İslami kesim en temelde şu özeleştiri ve muhasebeyi yapmalı; Türkiyeli Müslümanlar İslami mücadeleleri açısından ortaya çıkan imkânları ne ölçüde değerlendirdi veya değerlendiriyor? Yolsuzluklarla adı anılan AK Parti kadrolarıyla ilgili haklı olarak yöneltilen eleştirilerle birlikte, acaba kendilerinin iktidarla siyasal ve ekonomik ilişkileri, tüketim alışkanlıkları ve modern yaşamın popülist kuşatmalarıyla ilgili ne kadar özeleştiri yapıyorlar?

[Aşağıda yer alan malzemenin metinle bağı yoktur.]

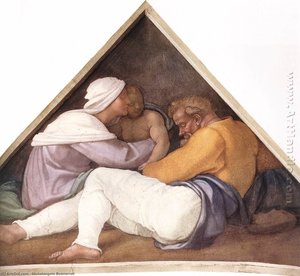 Ancestors Of Christ: Figures (16) — Michelangelo Buonarroti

Medya programlarından tatil anlayışlarına, gençlerin İslami bilinçlerinin yeşertilmesinden cemaat ilişkilerine kadar acaba ne kadar İslami ahlaka uygun bir yaşam tarzı sergileniyor? İslami kesimi de belli oranda kuşatan yozlaşmaların temel müsebbibi AK Parti mi yoksa kendi zaaflarımız mı? İslami kesimin çözüm süreci ve Suriye meselesine olan ilgisinin neden AK Parti'nin gerisinde kaldığına dair bir özeleştiri var mı? İslami camianın, kendisinin iddia ettiği ancak yapmadığı ve AK Parti'den beklediği icraatlar için eleştirme hakkı asla olamaz.
Rabbimiz bizlere, söylemleri ve eylemleri tutarlı muslihun adayları olarak can vermeyi nasip etsin. Âmin.